Overview#

PyDDA (Pythonic Direct Data Assimilation) is a Python package for retrieving three-dimensional wind fields from one or more Doppler weather radars. This technique is commonly called multi-Doppler or dual-Doppler wind retrieval (though PyDDA supports an arbitrary number of radars).

Why multi-Doppler retrieval?#

A single Doppler radar measures only the component of wind motion along the radar beam (the radial velocity). By combining observations from two or more radars viewing the same storm volume from different angles, it becomes possible to decompose the full three-dimensional wind vector (u, v, w) at each grid point.

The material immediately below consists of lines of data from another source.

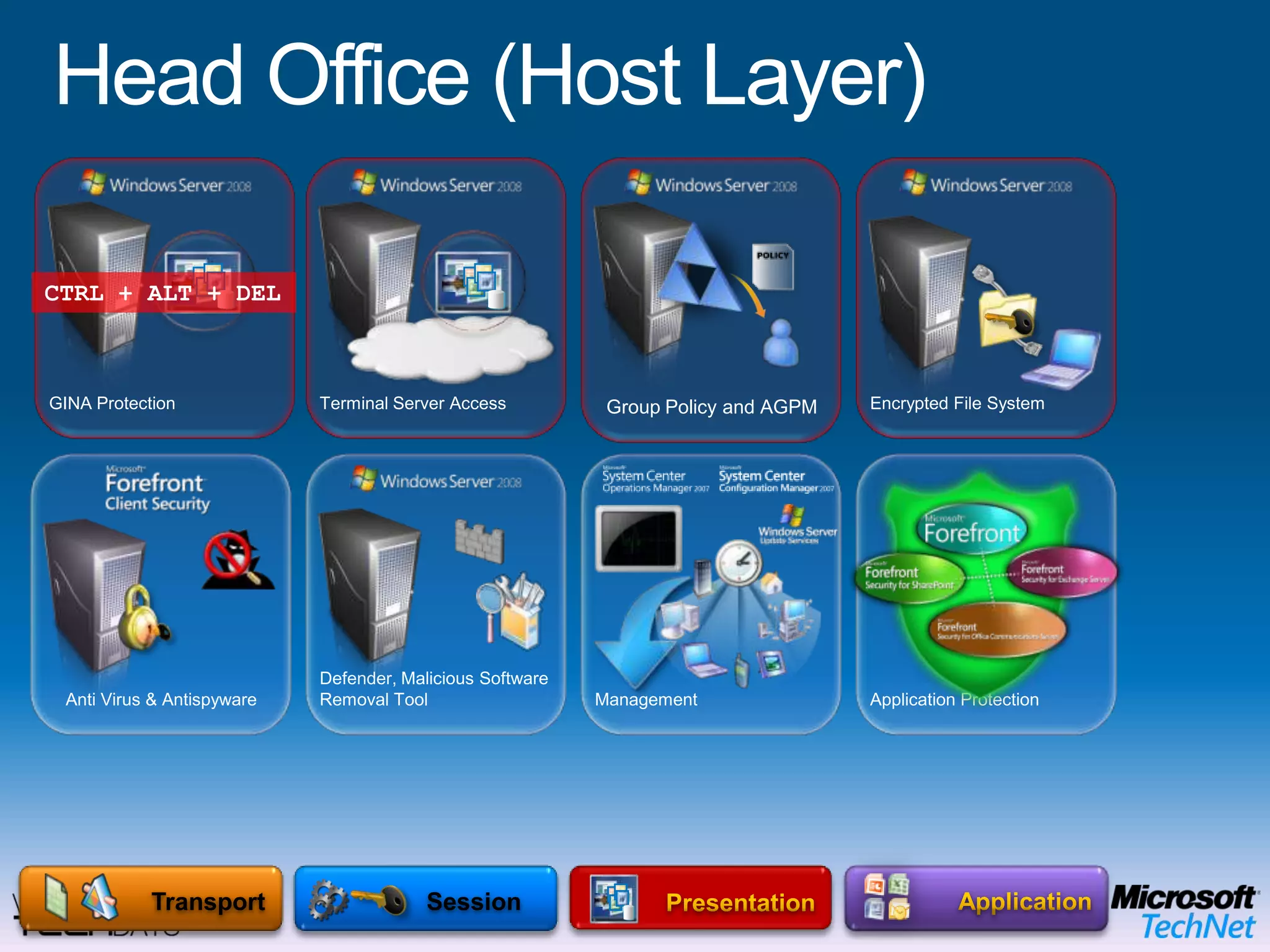 Head Office (Media Layer)Secure Wireless AccessNetwork Access ProtectionSecure Remote AccessSite-to-Site VPNAddress TranslationIntrusion Detection SystemNetworkData LinkMicrosoft Enterprise Desktop Virtualization (MED-V)OPERATING SYSTEMPhysicalEnd User BenefitsOffline UseFlexible ConfigurationsRich user experience IT Benefits Protection of the local dataEasy to migrate userMitigation of application compatibility issues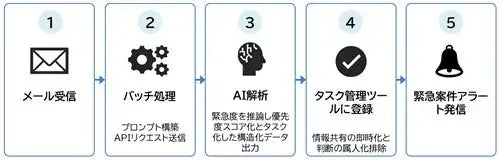 OKIがメール対応業務を可視化する「AI Task Navigator」を開発、2027年4月の実用化を目指す
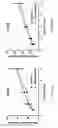 Fig. 32 - Spray chambers and methods of using them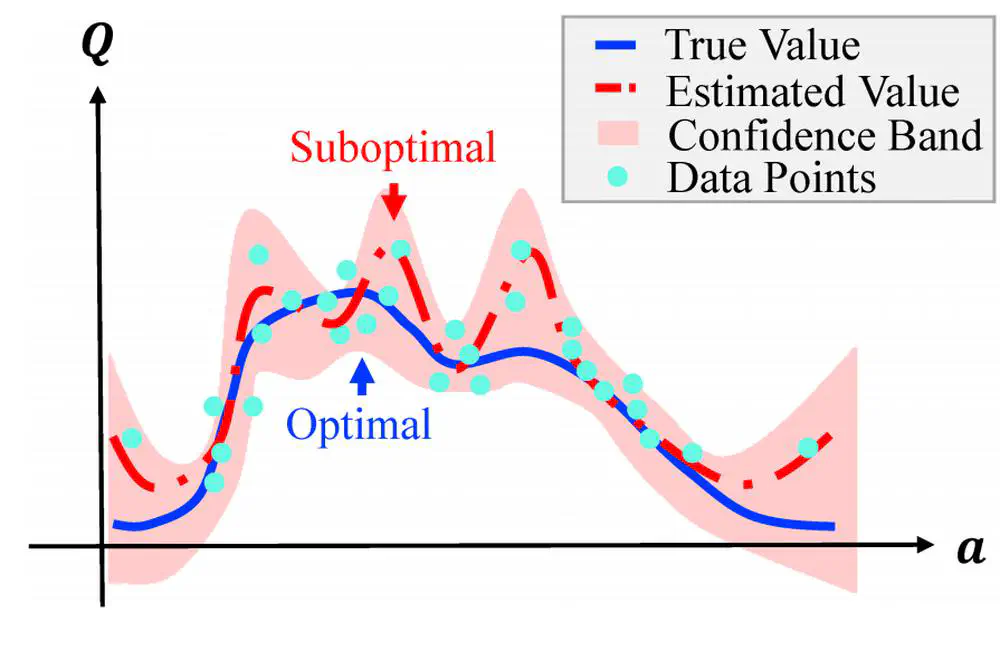 False Correlation Reduction for Offline Reinforcement Learning.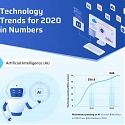 (Infographic) Top Technology Trends for 2020 in Numbers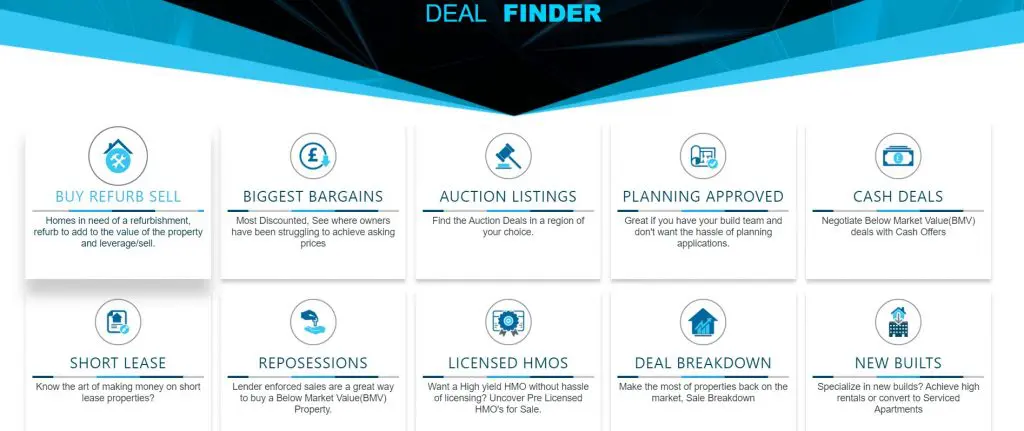 Deal Finder Investment Strategies - Investing in Auction Properties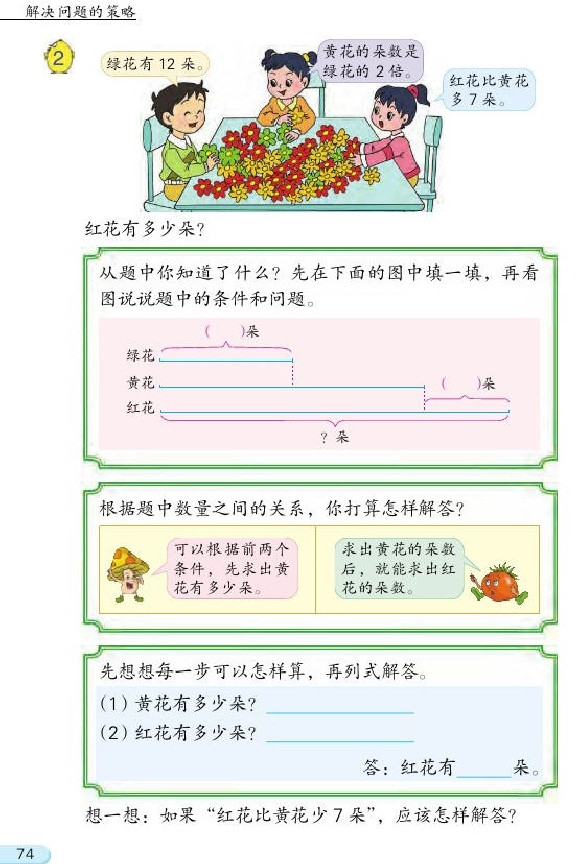 五 解决问题的策略(第74页)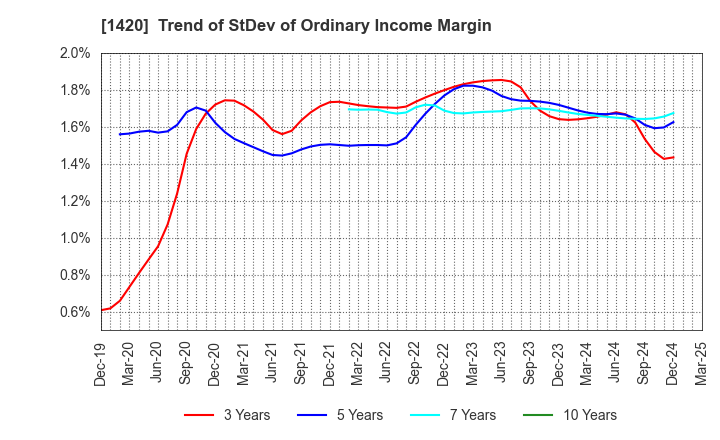1420 Sanyo Homes Corporation: Trend of StDev of Ordinary Income Margin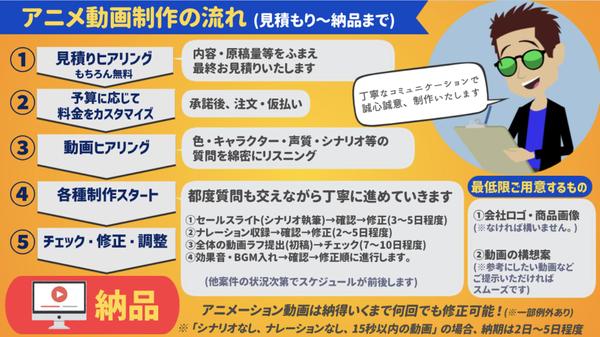 【１万円〜可能・丸投げ⭕️】アニメーション動画を最短2日〜高品質／安価で制作します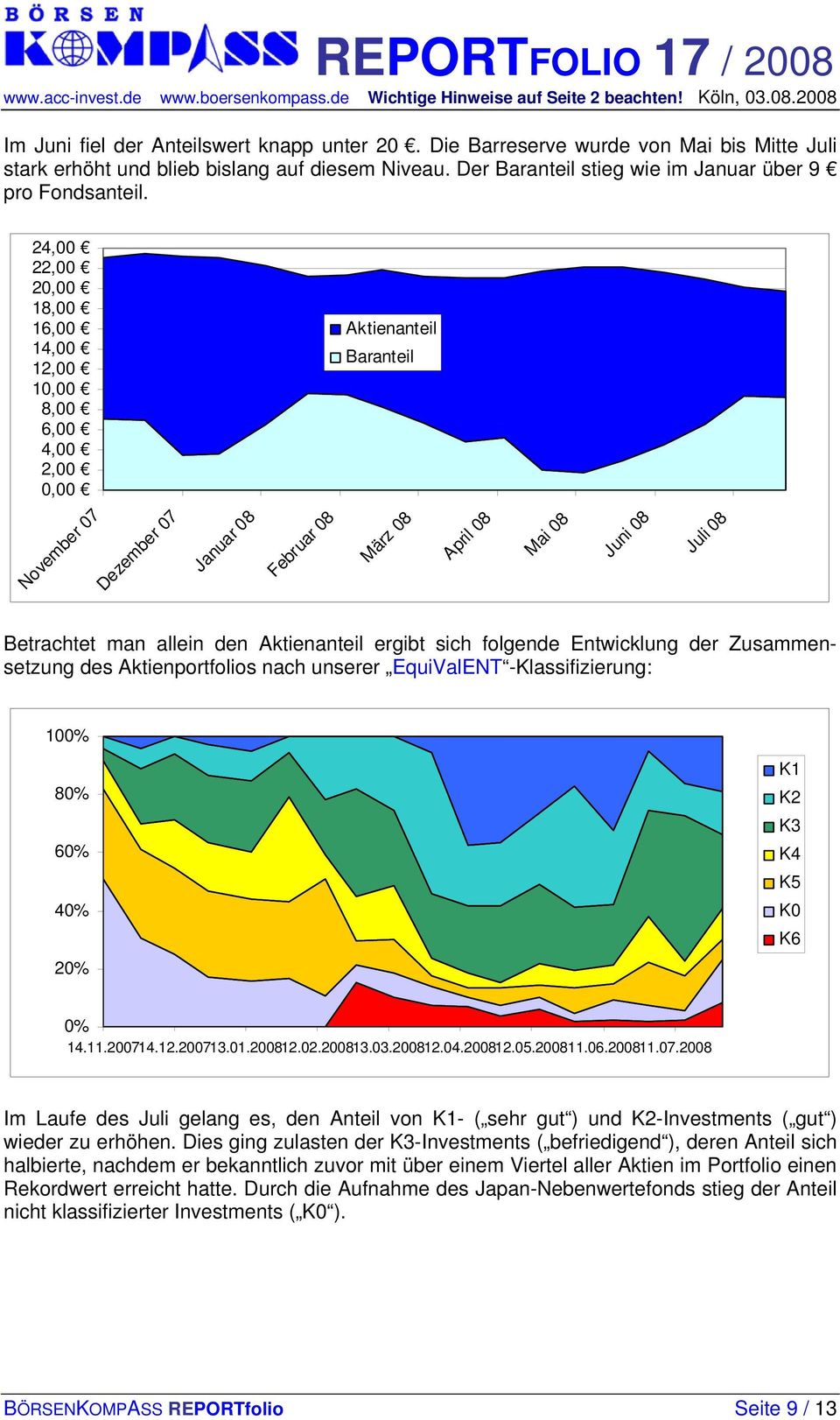 allein den Aktienanteil ergibt sich folgende Entwicklung der Zusammensetzung des Aktienportfolios nach unserer EquiValENT -Klassifizierung: 100% 80% 60% 40% 20% K1 K2 K3 K4 K5 K0 K6 0% 14.11.200714.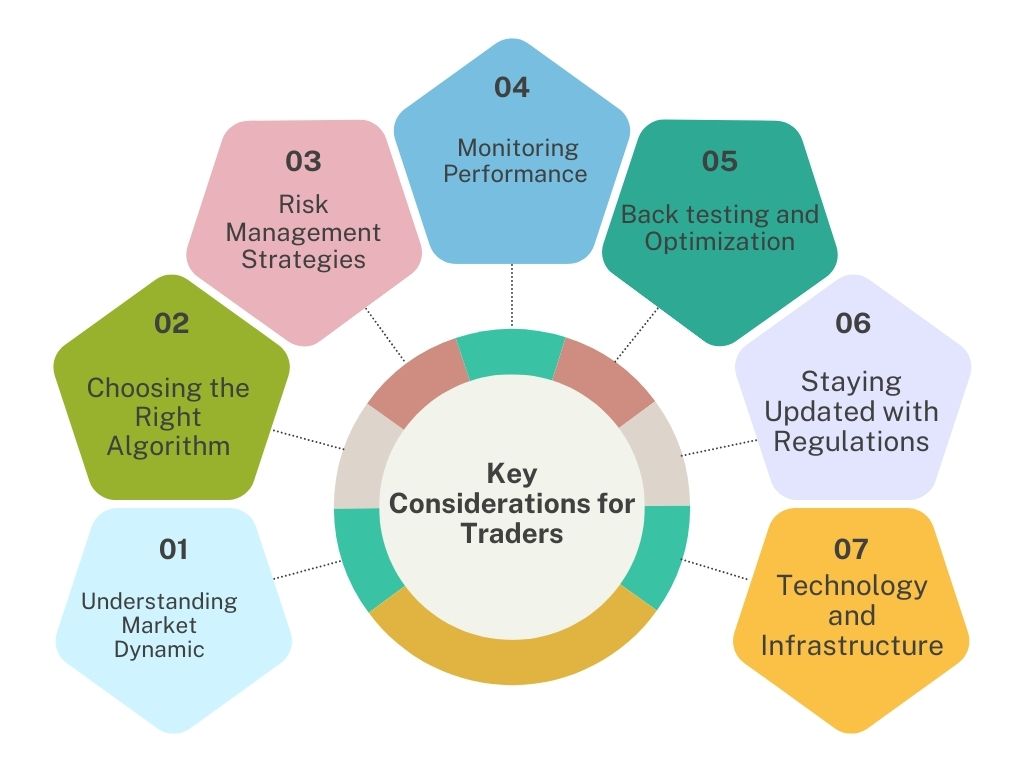 7 Algorithmic Trading Strategies with Examples and Risks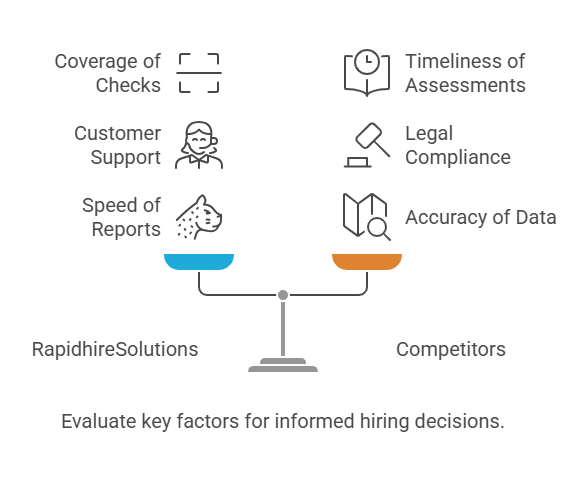 Best Practices for Individualized Assessments Pros and Cons Comparison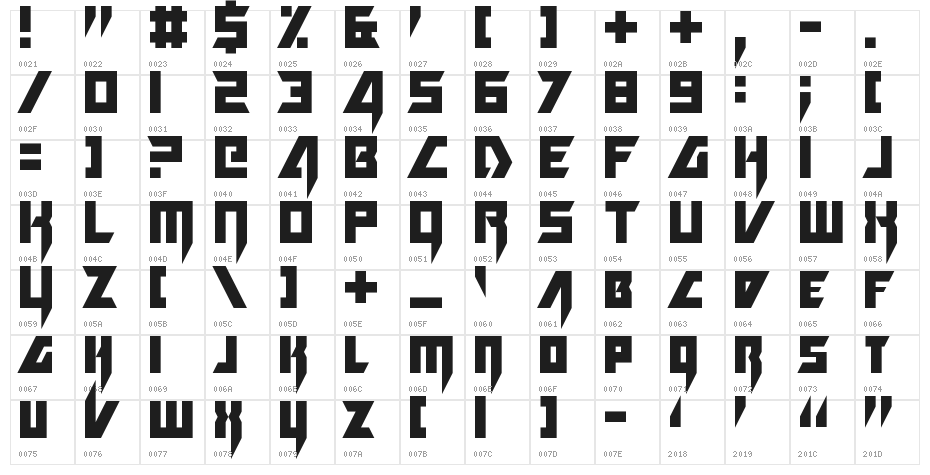 Death Hector Character Map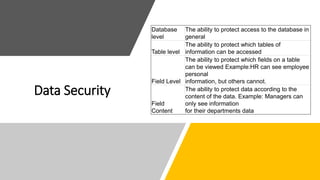 Data Security
Database
level
The ability to protect access to the database in
general
Table level
The ability to protect which tables of
information can be accessed
Field Level
The ability to protect which fields on a table
can be viewed Example:HR can see employee
personal
information, but others cannot.
Field
Content
The ability to protect data according to the
content of the data. Example: Managers can
only see information
for their departments data
 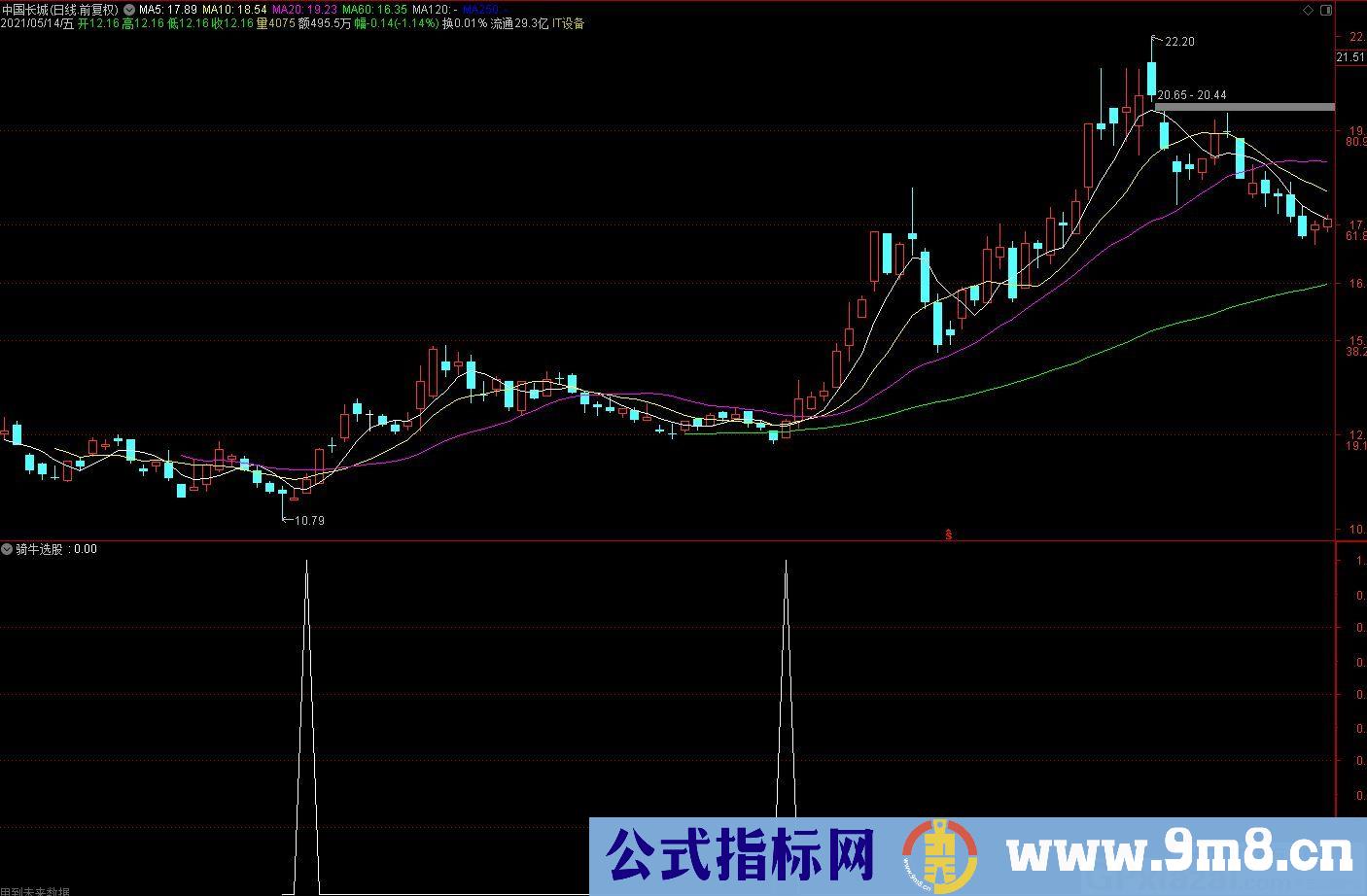 就只用这个选股 成功率达到97%左右 骑牛 通达信副图/选股指标 源码 贴图介绍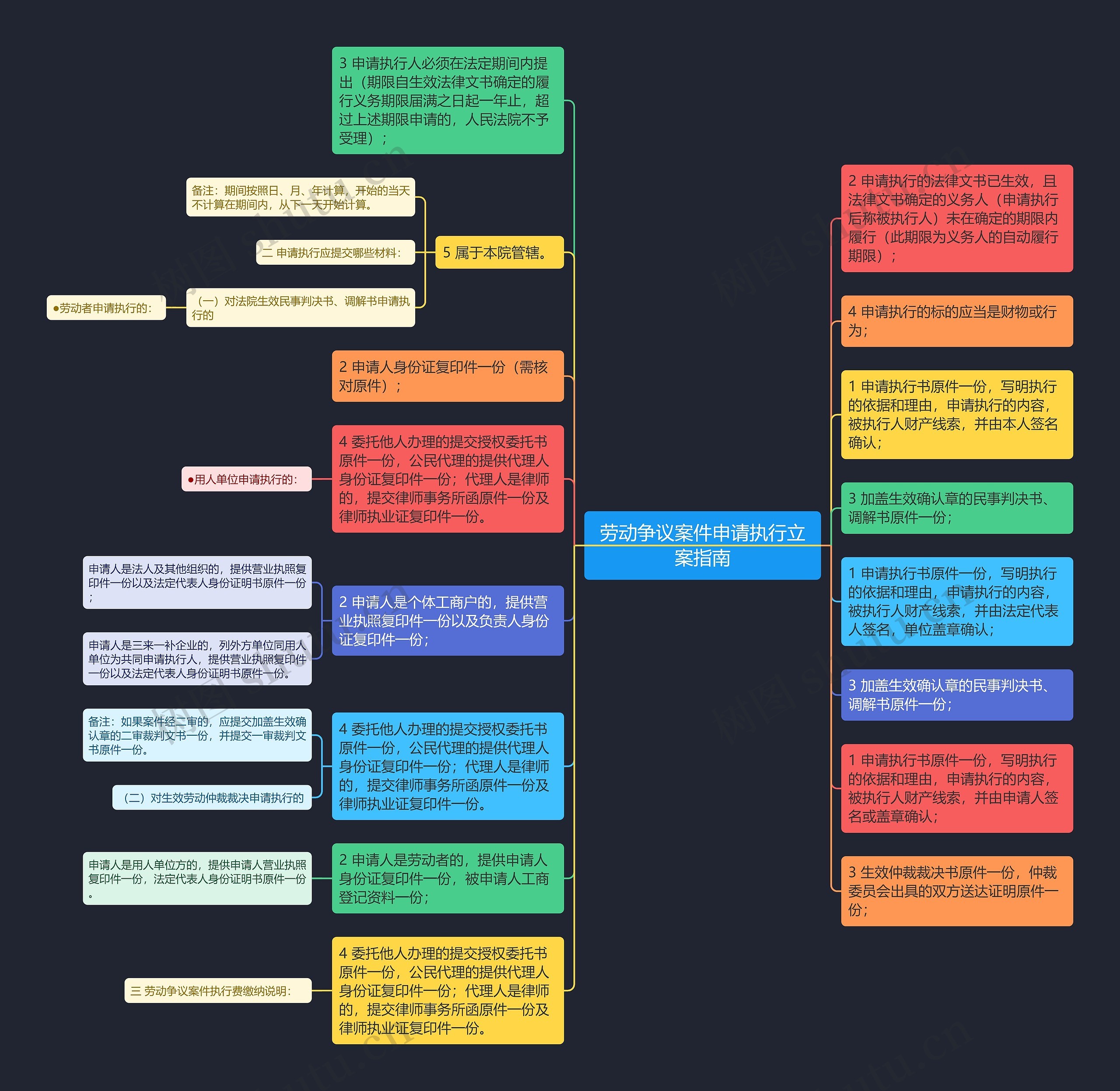 劳动争议案件申请执行立案指南思维导图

The quality of the retrieved vertical velocity w depends strongly on the beam-crossing angle (BCA) — the angle between the two radar beams at each grid point. PyDDA uses a BCA threshold (default: 30°–150°) to mask grid points where the geometry is too unfavorable for reliable multi-Doppler synthesis.

How PyDDA works#

PyDDA formulates wind retrieval as a variational problem. It minimizes a cost function J that penalizes deviations from:

  • observed radial velocities from each radar (Jo)

  • the anelastic mass continuity equation (Jm)

  • smoothness of the wind field (Js)

  • optional background/sounding constraints (Jb)

  • optional model constraints, e.g., HRRR or WRF (Jmod)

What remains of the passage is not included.